* What to do
Could you print every record below exactly as it appears?

• • •

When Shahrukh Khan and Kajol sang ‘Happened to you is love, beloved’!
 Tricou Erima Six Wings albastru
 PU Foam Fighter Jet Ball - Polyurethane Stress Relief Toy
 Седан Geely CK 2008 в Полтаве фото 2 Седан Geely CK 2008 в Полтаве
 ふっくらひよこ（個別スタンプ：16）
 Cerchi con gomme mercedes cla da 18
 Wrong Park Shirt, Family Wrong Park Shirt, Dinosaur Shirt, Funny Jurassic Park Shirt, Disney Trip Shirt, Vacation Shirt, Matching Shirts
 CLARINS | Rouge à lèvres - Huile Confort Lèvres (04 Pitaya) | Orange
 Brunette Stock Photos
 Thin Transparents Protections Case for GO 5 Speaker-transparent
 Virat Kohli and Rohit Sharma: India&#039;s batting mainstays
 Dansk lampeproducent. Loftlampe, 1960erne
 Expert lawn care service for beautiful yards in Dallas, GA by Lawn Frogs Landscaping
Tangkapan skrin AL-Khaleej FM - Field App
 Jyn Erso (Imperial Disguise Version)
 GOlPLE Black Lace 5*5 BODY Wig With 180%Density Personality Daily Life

• • •

* Reply to the task
When Shahrukh Khan and Kajol sang ‘Happened to you is love, beloved’!
 Tricou Erima Six Wings albastru
 PU Foam Fighter Jet Ball - Polyurethane Stress Relief Toy
 Седан Geely CK 2008 в Полтаве фото 2 Седан Geely CK 2008 в Полтаве
 ふっくらひよこ（個別スタンプ：16）
 Cerchi con gomme mercedes cla da 18
 Wrong Park Shirt, Family Wrong Park Shirt, Dinosaur Shirt, Funny Jurassic Park Shirt, Disney Trip Shirt, Vacation Shirt, Matching Shirts
 CLARINS | Rouge à lèvres - Huile Confort Lèvres (04 Pitaya) | Orange
 Brunette Stock Photos
 Thin Transparents Protections Case for GO 5 Speaker-transparent
 Virat Kohli and Rohit Sharma: India&#039;s batting mainstays
 Dansk lampeproducent. Loftlampe, 1960erne
 Expert lawn care service for beautiful yards in Dallas, GA by Lawn Frogs Landscaping
Tangkapan skrin AL-Khaleej FM - Field App
 Jyn Erso (Imperial Disguise Version)
 GOlPLE Black Lace 5*5 BODY Wig With 180%Density Personality Daily Life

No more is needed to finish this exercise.